Diagnosi precoce non significa necessariamente tumore piccolo da trattare subito per guarire. Fare del tumore un sorvegliato speciale può essere una valida opzione terapeutica in caso di carcinoma prostatico di piccole dimensioni e bassa aggressività.
La «sorveglianza attiva» è un protocollo di monitoraggio costante che permette di evitare, o perlomeno di rinviare, il trattamento e risparmiare così al paziente i pesanti effetti collaterali a carico della sfera sessuale, urinaria e rettale.
A Milano, all’Istituto nazionale tumori INT, questa opzione terapeutica è al centro di uno studio ormai decennale: «Si tratta di uno dei più ampi studi condotto da un singolo istituto a livello europeo, comparabile con le più importanti coorti nord americane – afferma Riccardo Valdagni, Direttore della Radioterapia Oncologica 1 e del Programma Prostata Istituto Nazionale Tumori di Milano – È in sostanza la più grande casistica italiana di pazienti con tumore della prostata a basso rischio attraverso la quale abbiamo potuto identificare un approccio alla malattia molto diverso rispetto al passato».
In Italia, ci sono 484.170 persone affette dal cancro alla prostata, 34800 nuovi casi l’anno e 7.174 decessi. É la neoplasia più frequente tra i soggetti di sesso maschile e rappresenta oltre il 20% di tutti i tumori diagnosticati a partire dai 50 anni di età. Tuttavia, in due casi su cinque esso è «indolente», in altre parole potrà non aver mai la forza di manifestarsi: controllarlo significa evitare il sovra-trattamento.
Lo studio è iniziato in INT nel 2005 e nel 2007 è iniziata la collaborazione con il gruppo internazionale PRIAS (Prostate Cancer Research International Active Surveillance), coordinato dall’Erasmus University Medical Center di Rotterdam, in Olanda. In totale sono stati arruolati e seguiti 818 pazienti con tumore della prostata ad andamento indolente, che sono stati sottoposti a monitoraggio continuativo.
Tutti i pazienti sono sottoposti annualmente a due controlli con palpazione della ghiandola prostatica e a quattro analisi del PSA. Al termine del primo anno, dopo l’entrata nel programma di sorveglianza attiva, è necessario ripetere anche la biopsia. Il monitoraggio è necessario perché, se il tumore supera i livelli di indolenza, il paziente esce immediatamente dalla sorveglianza e viene indirizzato al trattamento.
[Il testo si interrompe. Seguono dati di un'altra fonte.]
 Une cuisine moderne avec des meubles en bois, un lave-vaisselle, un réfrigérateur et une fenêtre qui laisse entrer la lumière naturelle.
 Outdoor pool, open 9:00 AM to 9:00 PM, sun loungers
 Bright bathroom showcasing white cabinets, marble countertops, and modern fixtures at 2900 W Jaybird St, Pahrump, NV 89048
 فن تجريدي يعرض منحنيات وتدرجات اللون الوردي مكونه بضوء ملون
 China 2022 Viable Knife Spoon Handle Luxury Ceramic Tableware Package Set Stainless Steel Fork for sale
«Il dato estremamente positivo emerso dallo studio – commenta il professor Valdagni – è che a distanza di cinque anni, il 50 percento dei pazienti è ancora nel programma di sorveglianza attiva. In più, non si sono verificati decessi a causa del carcinoma prostatico e neppure metastasi. Questo significa che la metà dei pazienti arruolati, a 5 anni dalla diagnosi, ha potuto evitare gli effetti indesiderati di un trattamento curativo non necessario e quindi inappropriato».
E se possiedono i criteri di un tumore indolente, i maggiori beneficiari potrebbero essere proprio i pazienti giovani, under 60, la cui qualità di vita può essere più a lungo compromessa dagli effetti collaterali dei trattamenti e che hanno più probabilità di rimanere nel tempo in sorveglianza attiva.